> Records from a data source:
+++
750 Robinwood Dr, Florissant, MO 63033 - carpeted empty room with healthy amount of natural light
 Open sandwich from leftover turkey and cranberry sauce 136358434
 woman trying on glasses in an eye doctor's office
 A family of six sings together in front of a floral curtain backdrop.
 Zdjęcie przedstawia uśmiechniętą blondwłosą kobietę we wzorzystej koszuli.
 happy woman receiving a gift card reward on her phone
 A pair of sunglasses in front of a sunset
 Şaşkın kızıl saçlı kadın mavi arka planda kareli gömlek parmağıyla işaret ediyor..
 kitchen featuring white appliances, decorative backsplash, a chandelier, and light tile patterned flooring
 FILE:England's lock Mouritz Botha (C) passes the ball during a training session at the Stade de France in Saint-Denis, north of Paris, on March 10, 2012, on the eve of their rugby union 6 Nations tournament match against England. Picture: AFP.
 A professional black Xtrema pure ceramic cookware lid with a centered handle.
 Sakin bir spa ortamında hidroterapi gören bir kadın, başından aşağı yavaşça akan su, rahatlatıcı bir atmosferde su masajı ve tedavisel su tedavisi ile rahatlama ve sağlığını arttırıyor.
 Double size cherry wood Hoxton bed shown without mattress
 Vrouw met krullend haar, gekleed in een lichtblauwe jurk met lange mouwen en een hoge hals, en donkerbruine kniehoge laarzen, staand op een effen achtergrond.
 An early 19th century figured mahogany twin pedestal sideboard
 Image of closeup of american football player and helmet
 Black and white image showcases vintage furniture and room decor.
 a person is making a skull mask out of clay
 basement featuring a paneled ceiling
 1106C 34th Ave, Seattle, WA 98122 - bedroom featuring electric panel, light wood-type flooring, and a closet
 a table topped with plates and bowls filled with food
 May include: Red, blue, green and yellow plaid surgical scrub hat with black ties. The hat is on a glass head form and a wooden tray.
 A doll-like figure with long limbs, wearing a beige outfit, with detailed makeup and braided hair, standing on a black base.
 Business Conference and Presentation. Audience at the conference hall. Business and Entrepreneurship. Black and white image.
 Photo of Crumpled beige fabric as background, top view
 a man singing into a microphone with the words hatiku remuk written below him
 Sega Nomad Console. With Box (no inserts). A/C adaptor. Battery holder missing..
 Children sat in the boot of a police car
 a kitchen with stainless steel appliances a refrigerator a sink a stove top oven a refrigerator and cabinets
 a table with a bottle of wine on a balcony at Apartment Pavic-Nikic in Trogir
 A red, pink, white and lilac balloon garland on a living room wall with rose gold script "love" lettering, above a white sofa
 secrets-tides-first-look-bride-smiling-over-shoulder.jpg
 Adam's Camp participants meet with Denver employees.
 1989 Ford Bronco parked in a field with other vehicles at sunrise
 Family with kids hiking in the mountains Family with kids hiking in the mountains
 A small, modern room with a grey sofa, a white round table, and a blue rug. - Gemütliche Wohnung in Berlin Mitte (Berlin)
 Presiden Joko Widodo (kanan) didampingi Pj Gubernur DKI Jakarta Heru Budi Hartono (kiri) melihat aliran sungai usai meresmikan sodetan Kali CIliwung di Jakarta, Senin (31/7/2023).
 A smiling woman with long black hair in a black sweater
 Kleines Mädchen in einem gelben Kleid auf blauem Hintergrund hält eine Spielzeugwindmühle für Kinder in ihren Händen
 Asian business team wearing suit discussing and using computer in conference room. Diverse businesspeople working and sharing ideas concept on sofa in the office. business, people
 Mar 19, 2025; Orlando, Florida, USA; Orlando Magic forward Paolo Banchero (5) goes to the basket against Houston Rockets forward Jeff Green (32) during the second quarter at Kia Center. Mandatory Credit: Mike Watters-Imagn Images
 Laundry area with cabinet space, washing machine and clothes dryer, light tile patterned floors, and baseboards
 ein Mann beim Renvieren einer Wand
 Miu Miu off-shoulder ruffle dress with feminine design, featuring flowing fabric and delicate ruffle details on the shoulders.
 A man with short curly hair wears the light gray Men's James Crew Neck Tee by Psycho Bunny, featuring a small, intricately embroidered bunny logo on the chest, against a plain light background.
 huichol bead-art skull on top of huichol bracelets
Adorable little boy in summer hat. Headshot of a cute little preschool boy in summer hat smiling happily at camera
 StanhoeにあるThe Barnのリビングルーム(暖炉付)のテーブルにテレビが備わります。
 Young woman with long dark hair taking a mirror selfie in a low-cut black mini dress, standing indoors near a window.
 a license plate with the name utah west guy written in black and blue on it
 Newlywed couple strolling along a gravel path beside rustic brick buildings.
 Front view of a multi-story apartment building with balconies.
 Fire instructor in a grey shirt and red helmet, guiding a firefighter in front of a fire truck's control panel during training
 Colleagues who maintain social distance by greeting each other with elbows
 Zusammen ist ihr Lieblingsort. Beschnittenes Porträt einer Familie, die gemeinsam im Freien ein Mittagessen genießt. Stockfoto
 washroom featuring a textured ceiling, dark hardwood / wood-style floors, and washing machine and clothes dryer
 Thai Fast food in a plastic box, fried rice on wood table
+++
> What you need to do:
Restate the records, all of them, precisely as written.

> Written answer:
750 Robinwood Dr, Florissant, MO 63033 - carpeted empty room with healthy amount of natural light
 Open sandwich from leftover turkey and cranberry sauce 136358434
 woman trying on glasses in an eye doctor's office
 A family of six sings together in front of a floral curtain backdrop.
 Zdjęcie przedstawia uśmiechniętą blondwłosą kobietę we wzorzystej koszuli.
 happy woman receiving a gift card reward on her phone
 A pair of sunglasses in front of a sunset
 Şaşkın kızıl saçlı kadın mavi arka planda kareli gömlek parmağıyla işaret ediyor..
 kitchen featuring white appliances, decorative backsplash, a chandelier, and light tile patterned flooring
 FILE:England's lock Mouritz Botha (C) passes the ball during a training session at the Stade de France in Saint-Denis, north of Paris, on March 10, 2012, on the eve of their rugby union 6 Nations tournament match against England. Picture: AFP.
 A professional black Xtrema pure ceramic cookware lid with a centered handle.
 Sakin bir spa ortamında hidroterapi gören bir kadın, başından aşağı yavaşça akan su, rahatlatıcı bir atmosferde su masajı ve tedavisel su tedavisi ile rahatlama ve sağlığını arttırıyor.
 Double size cherry wood Hoxton bed shown without mattress
 Vrouw met krullend haar, gekleed in een lichtblauwe jurk met lange mouwen en een hoge hals, en donkerbruine kniehoge laarzen, staand op een effen achtergrond.
 An early 19th century figured mahogany twin pedestal sideboard
 Image of closeup of american football player and helmet
 Black and white image showcases vintage furniture and room decor.
 a person is making a skull mask out of clay
 basement featuring a paneled ceiling
 1106C 34th Ave, Seattle, WA 98122 - bedroom featuring electric panel, light wood-type flooring, and a closet
 a table topped with plates and bowls filled with food
 May include: Red, blue, green and yellow plaid surgical scrub hat with black ties. The hat is on a glass head form and a wooden tray.
 A doll-like figure with long limbs, wearing a beige outfit, with detailed makeup and braided hair, standing on a black base.
 Business Conference and Presentation. Audience at the conference hall. Business and Entrepreneurship. Black and white image.
 Photo of Crumpled beige fabric as background, top view
 a man singing into a microphone with the words hatiku remuk written below him
 Sega Nomad Console. With Box (no inserts). A/C adaptor. Battery holder missing..
 Children sat in the boot of a police car
 a kitchen with stainless steel appliances a refrigerator a sink a stove top oven a refrigerator and cabinets
 a table with a bottle of wine on a balcony at Apartment Pavic-Nikic in Trogir
 A red, pink, white and lilac balloon garland on a living room wall with rose gold script "love" lettering, above a white sofa
 secrets-tides-first-look-bride-smiling-over-shoulder.jpg
 Adam's Camp participants meet with Denver employees.
 1989 Ford Bronco parked in a field with other vehicles at sunrise
 Family with kids hiking in the mountains Family with kids hiking in the mountains
 A small, modern room with a grey sofa, a white round table, and a blue rug. - Gemütliche Wohnung in Berlin Mitte (Berlin)
 Presiden Joko Widodo (kanan) didampingi Pj Gubernur DKI Jakarta Heru Budi Hartono (kiri) melihat aliran sungai usai meresmikan sodetan Kali CIliwung di Jakarta, Senin (31/7/2023).
 A smiling woman with long black hair in a black sweater
 Kleines Mädchen in einem gelben Kleid auf blauem Hintergrund hält eine Spielzeugwindmühle für Kinder in ihren Händen
 Asian business team wearing suit discussing and using computer in conference room. Diverse businesspeople working and sharing ideas concept on sofa in the office. business, people
 Mar 19, 2025; Orlando, Florida, USA; Orlando Magic forward Paolo Banchero (5) goes to the basket against Houston Rockets forward Jeff Green (32) during the second quarter at Kia Center. Mandatory Credit: Mike Watters-Imagn Images
 Laundry area with cabinet space, washing machine and clothes dryer, light tile patterned floors, and baseboards
 ein Mann beim Renvieren einer Wand
 Miu Miu off-shoulder ruffle dress with feminine design, featuring flowing fabric and delicate ruffle details on the shoulders.
 A man with short curly hair wears the light gray Men's James Crew Neck Tee by Psycho Bunny, featuring a small, intricately embroidered bunny logo on the chest, against a plain light background.
 huichol bead-art skull on top of huichol bracelets
Adorable little boy in summer hat. Headshot of a cute little preschool boy in summer hat smiling happily at camera
 StanhoeにあるThe Barnのリビングルーム(暖炉付)のテーブルにテレビが備わります。
 Young woman with long dark hair taking a mirror selfie in a low-cut black mini dress, standing indoors near a window.
 a license plate with the name utah west guy written in black and blue on it
 Newlywed couple strolling along a gravel path beside rustic brick buildings.
 Front view of a multi-story apartment building with balconies.
 Fire instructor in a grey shirt and red helmet, guiding a firefighter in front of a fire truck's control panel during training
 Colleagues who maintain social distance by greeting each other with elbows
 Zusammen ist ihr Lieblingsort. Beschnittenes Porträt einer Familie, die gemeinsam im Freien ein Mittagessen genießt. Stockfoto
 washroom featuring a textured ceiling, dark hardwood / wood-style floors, and washing machine and clothes dryer
 Thai Fast food in a plastic box, fried rice on wood table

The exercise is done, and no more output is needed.